During his studies at the University of Oregon, Jorge M. López co-wrote a book on Sidon sequences in harmonic analysis with Kenneth Ross. [6] These sequences were first introduced by Simon Sidon during his Fourier series research. His collaboration with Ross continued and in 2013 Ross acknowledged this partnership in the second edition of his renowned textbook, Elementary Analysis: The Theory of Calculus, by adding the annotation In collaboration with Jorge M. López.[7]
After obtaining his PhD, he joined the Mathematics Department at the University of Puerto Rico, Río Piedras Campus where he continued to pursue his interest in this field through the late 1980s. During this time, he directed thirteen master's theses on subjects related to Wiener's Tauberian theorem and its generalization the Gelfand representation to commutative Banach algebras, C*-algebras and locally compact Hausdorff spaces.[5]
Jorge López had a significant impact on primary education in mathematics in Puerto Rico by the end of the twentieth century. He established the Regional Centers for Mathematical Training and Instruction (Centros Regionales de Adiestramiento e Instrucción Matemática - CRAIM) and recruited many colleagues from departments of mathematics in university campuses throughout Puerto Rico. CRAIM enriched mathematics education at K-12 levels by integrating a research-oriented approach to mathematics learning with a two-pronged strategy: by offering teachers of the Department of Education of Puerto Rico professional development and by supporting mathematical student’s research projects that were presented in science and mathematics fairs.
This approach to enhancing mathematics education had strong commonalities with the Realistic Mathematics Education (RAE) movement created by Hans Freudenthal in opposition to the new math worldwide trend. Mathematics education in Puerto Rico was based also on the new math approach. At the suggestion by the professor at the University of Wisconsin-Madison Thomas A. Romberg, Jorge López, Jan de Lange, director of the Freudenthal Institute in the Netherlands, and himself, established a collaboration on the RAE project.
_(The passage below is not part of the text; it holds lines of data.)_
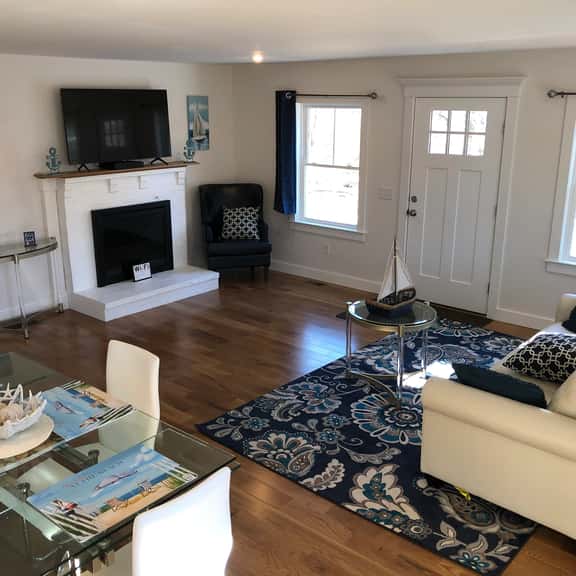 Recently Renovated - Like NEW!!  Bright & Open Floorplan (2434) - Image 1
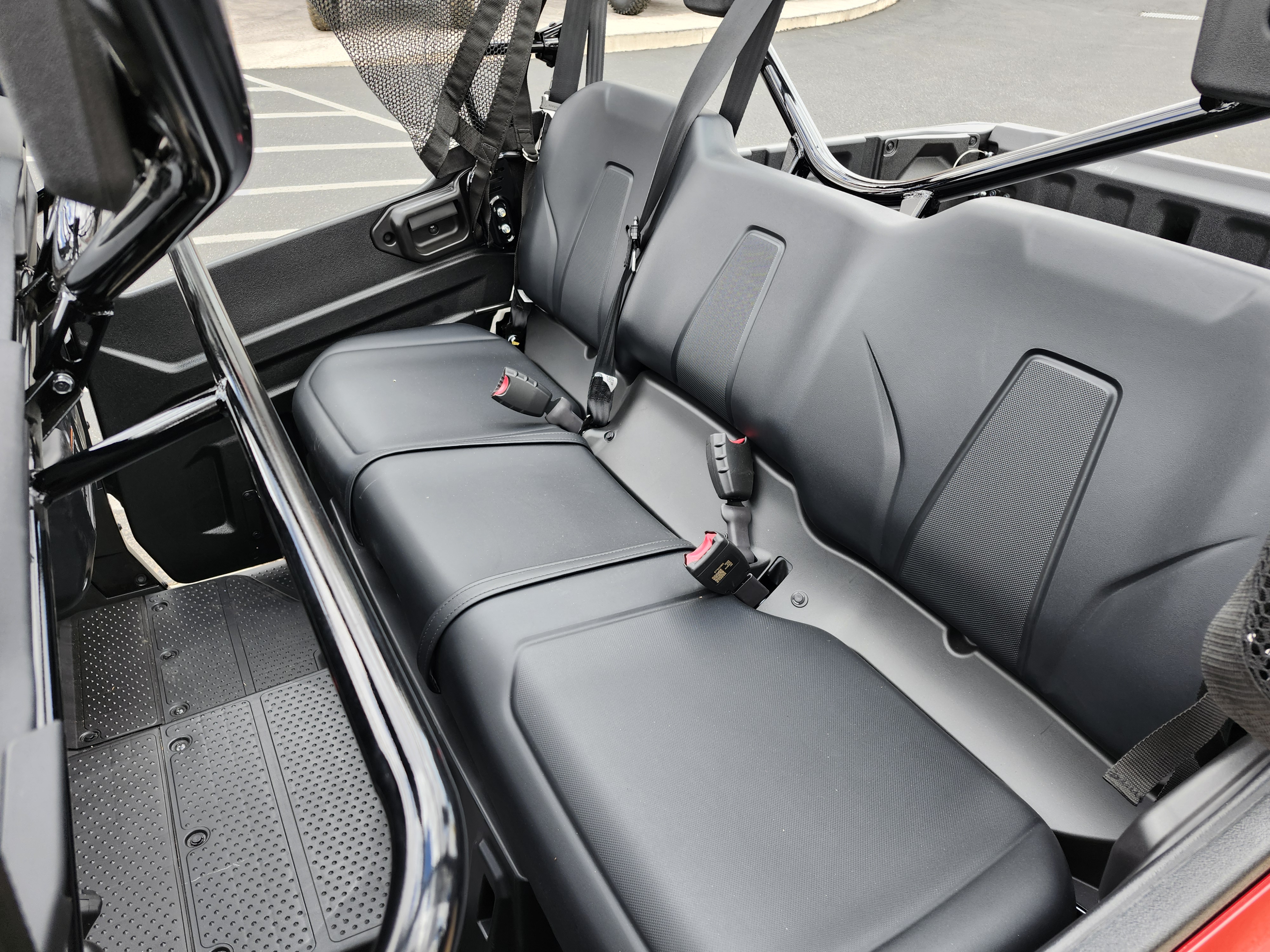 2025 Honda Pioneer 1000-6 Crew Deluxe - Photo 3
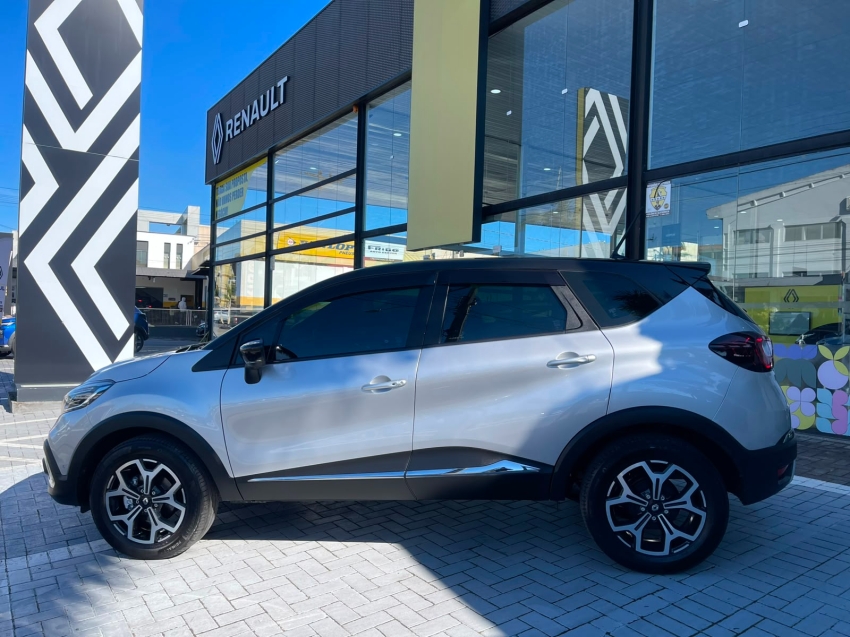 renault captur 1.3 tce flex iconic x-tronic 4p automatico 20247
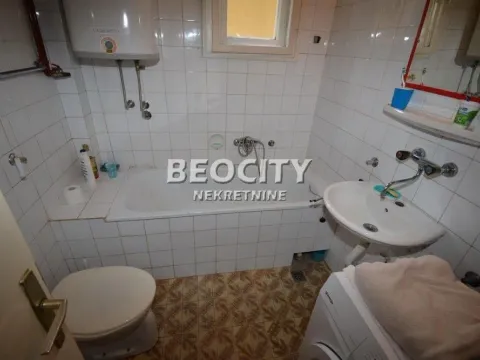 Prodaja, kuća, 220m², Sremčica, Beograd - image 17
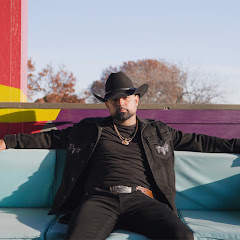 Louie TheSinger - Topic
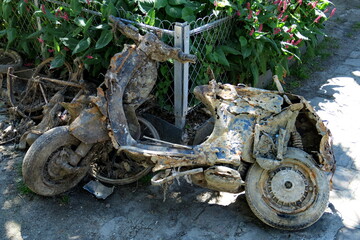 Scooter rouillé recouvert de terre retiré du canal. Paris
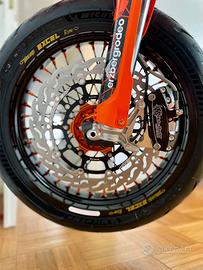 Impianto frenante supermoto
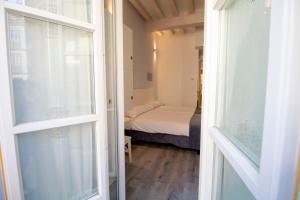 Double Room with Balcony room in Hotel Alda San Bieito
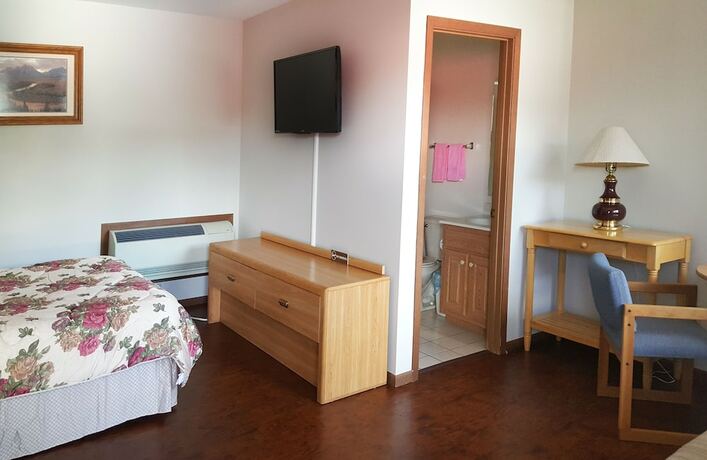 Imagen de la habitación del Hotel Alpine Motel, Wisconsin Dells. Foto 15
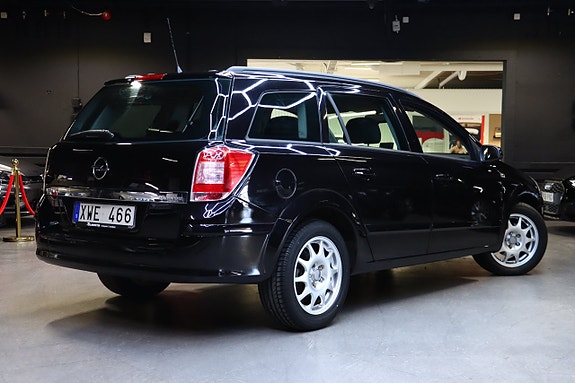 Opel Astra 4 of 30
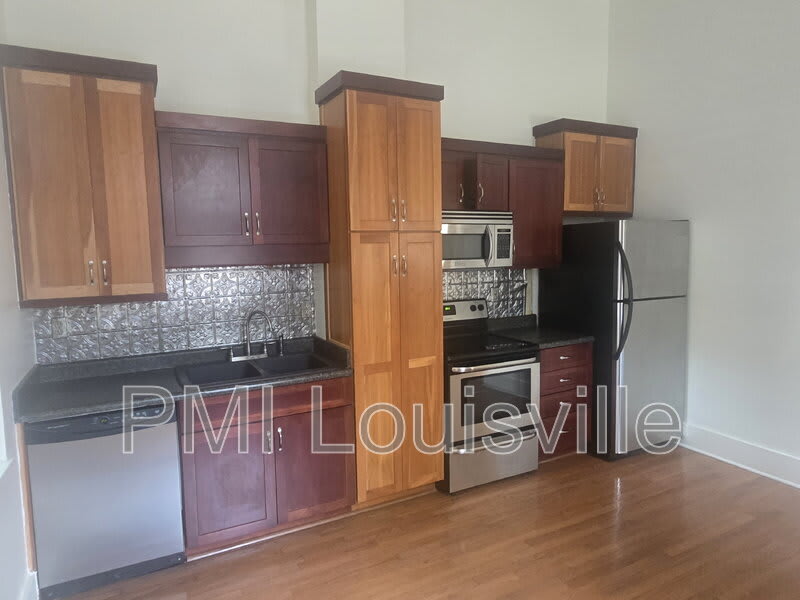 1156 S Brook St – photo 3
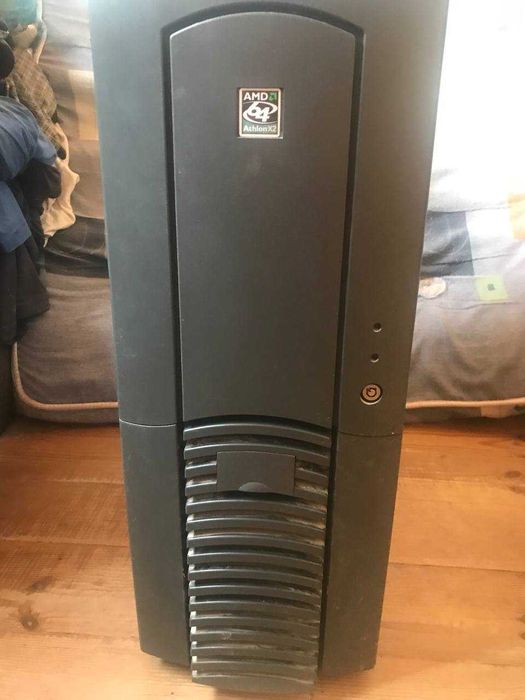 Продаю великий корпус для ПК.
López became an advocate of the RAE movement in Puerto Rico.A Spanish version adapted to the Puerto Rican culture of the textbook series Mathematics in Context was written by him with the collaboration of Víctor García.[8] By the turn of the century López established a long-lasting collaboration with professors Ana Helvia Quintero and Omar Hernández-Rodríguez that produced many publications on the subject of Realistic Mathematics and mathematics education in general.